伊勢新聞

<修好130周年・交流する日タイ(中)>タイで日本食ブーム 三重県産品輸出の重要な市場

【タイの日本料理店で提供されるすし=バンコク市内で】

タイと日本の間では、約600年前から人と物が行き来している。グローバル化を迎えた現代は、交流がさらに進む。タイでは日本旅行が人気で、日本人にとってもタイは気軽に行ける海外渡航先の一つだ。日本でパクチーなどのタイフードが流行する中、タイでも日本食ブームが到来している。三重県内でもタイ人観光客が増加。タイは県産品の輸出先として重要な市場になっている。

タイ外務省によると、2016年にタイを訪れた外国人観光客は約3258万人で、そのうち日本人は140万人ほど。例年とほぼ同じだった。ビザの緩和により、タイにとって日本は旅行しやすい国となり、タイからは年間約90万人が日本を訪れている。

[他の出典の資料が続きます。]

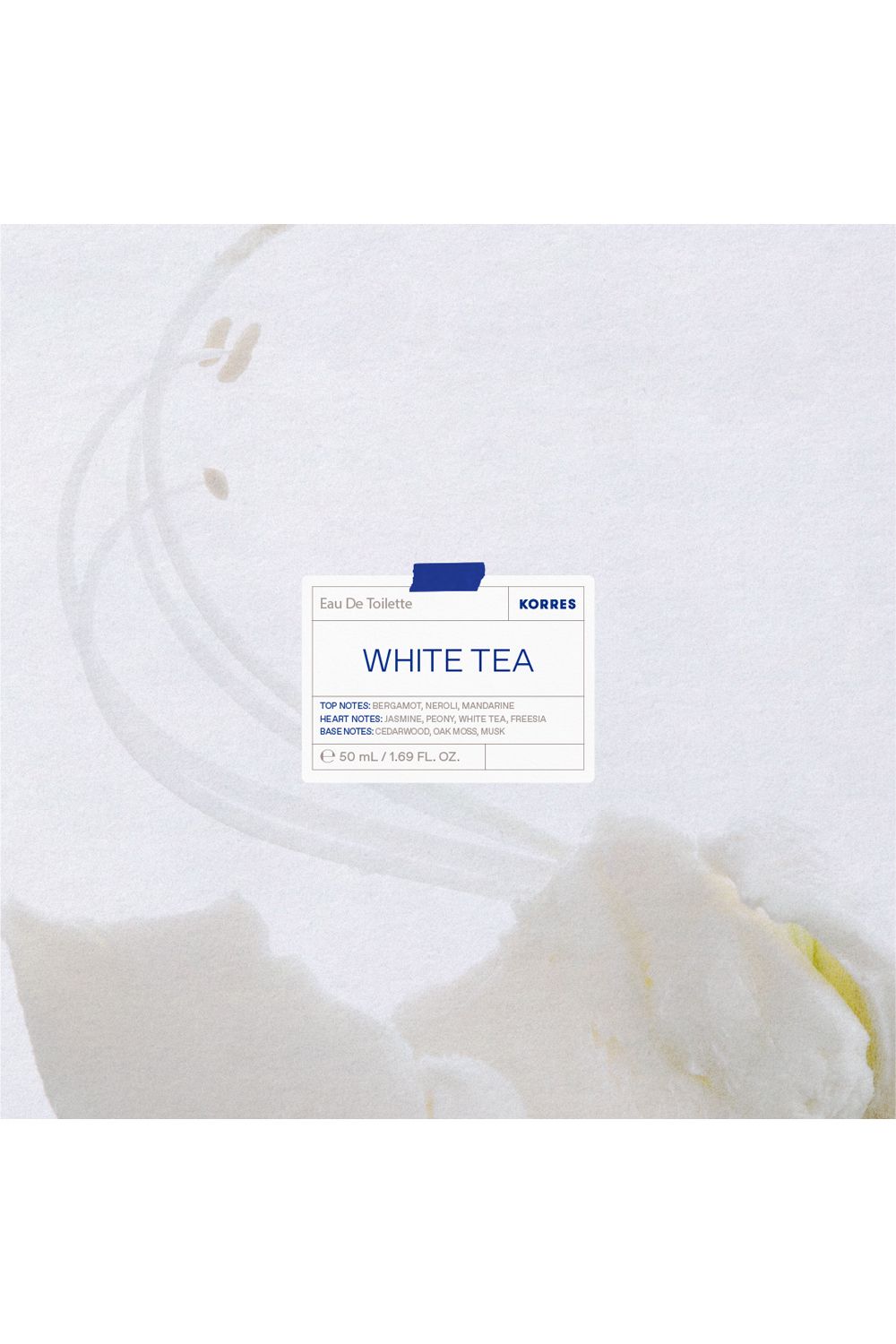 Korres White Tea Eau De Toilette 100ml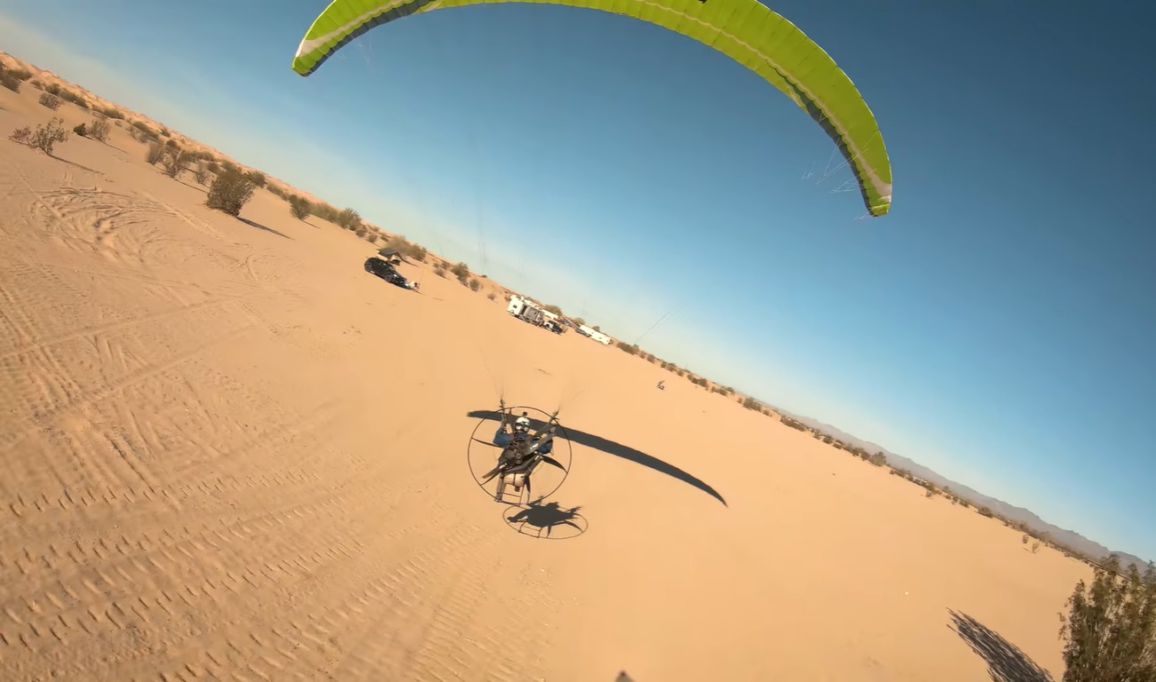  Paramotor Adventure in Jaisalmer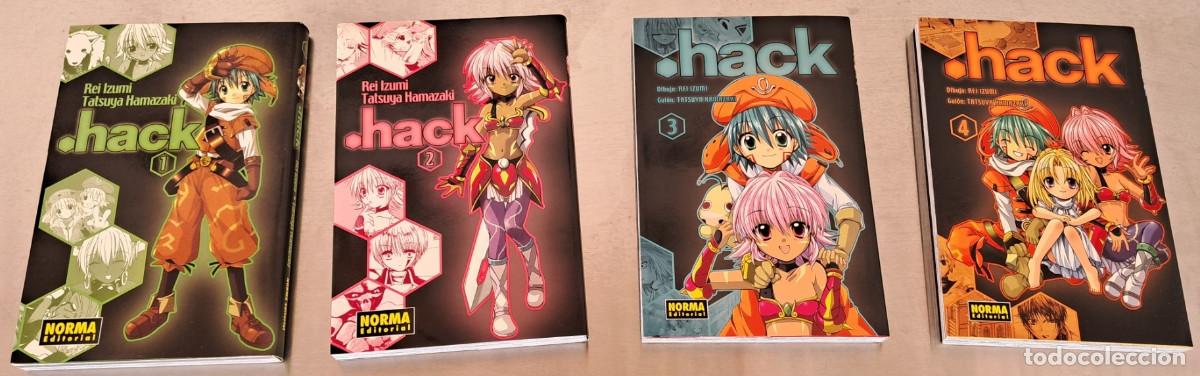 C&oacute;mics: .hack - Serie completa editada por Norma - Foto 2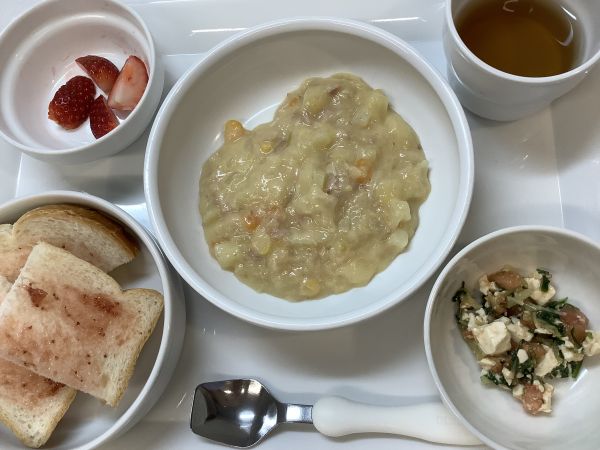 ツナチャウダーです《常食》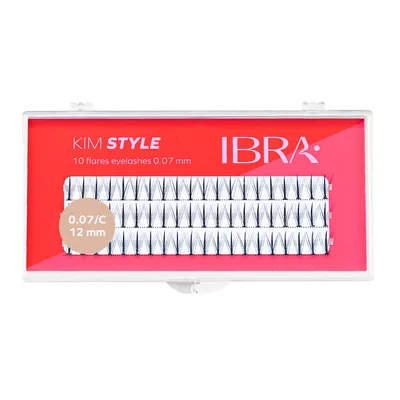 IBRA Makeup Zestaw Kępek Kim Style C 0,07-12mm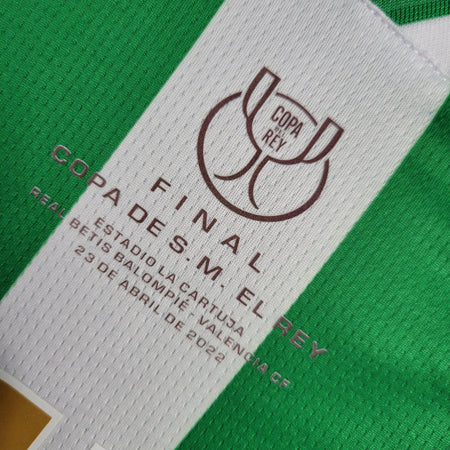 Camisa Real Betis Edição Especial Copa do Rei 22/23 - Versão Torcedor - Boutique do Boleiro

タイ外務省東アジア局のシントン・ラーピセートパン局長は「タイ人は日本に親近感があり、日本人に好印象を持っている」と説明。「台湾もビザなしで渡航できるようになったが、それでもいまだに日本のほうが渡航先に多く選ばれている」と語った。

訪日タイ人は県内にも観光に訪れている。県によると、昨年のタイ人の延べ宿泊者数は約9千人。前年の平成27年が約7千人、26年が約5千人で、年々2千人ずつ増加した。県も東南アジア諸国の中でタイを重点地域に位置づけ、観光PRに取り組んでいる。

県は、旅行会社に三重を売り込むため、商談会に職員を派遣してきた。団体観光客の取り込みを狙うとともに、個人旅行者へのPRも始めた。今年6月には、写真共有アプリ「インスタグラム」を開設。英語や中国語のほかタイ語でも観光地を紹介している。

また、県は昨年2月、タイのパタヤ市の東海岸ゴルフコース協会と「ゴルフツーリズムの地域間連携の促進に係る覚書」(MOU)を締結し、ゴルフ場を活用した観光誘客で協力することを約束。タイと県内のゴルフ場関係者が年に1回ほど互いの地域を訪れ、ゴルフツアーを開いている。今年5月には津市のゴルフコンペに招いた。

観光誘客以外に、輸出品でも売り込み合戦が始まっている。タイは、日本にマンゴーやドリアン、ライチなど九種類の果物を輸出。現在は、酸味としゃきしゃきした食感が特徴の青マンゴーを新たな輸出品に採用されるように働き掛けている。

三重も農林水産物の輸出を進めている。平成23年から三重南紀農協がミカンの輸出を本格的に開始。全国で、タイにミカンを輸出しているのは、静岡と三重の二県のみで、年間輸出実績は静岡が1―2トンなのに対し三重は10―20数トンと圧倒的に多い。

県によると、タイはミカンを海外から輸入する場合、病害虫のいない農園を指定しており、日本から輸出する前には日タイ両国の植物防疫官が害虫が付いていないことを確認する。事前の農園指定や検査が厳しいため、全国でもミカンのタイ輸出は参入が難しい分野という。

また、タイでの日本食ブームを背景に、県内の水産加工業者が高級スーパーや日本食レストラン向けに冷凍水産加工品を輸出。県内から輸出されたブリの切り身や、さつま揚げなどの練り製品が現地のレストランやチェーン店で使われている。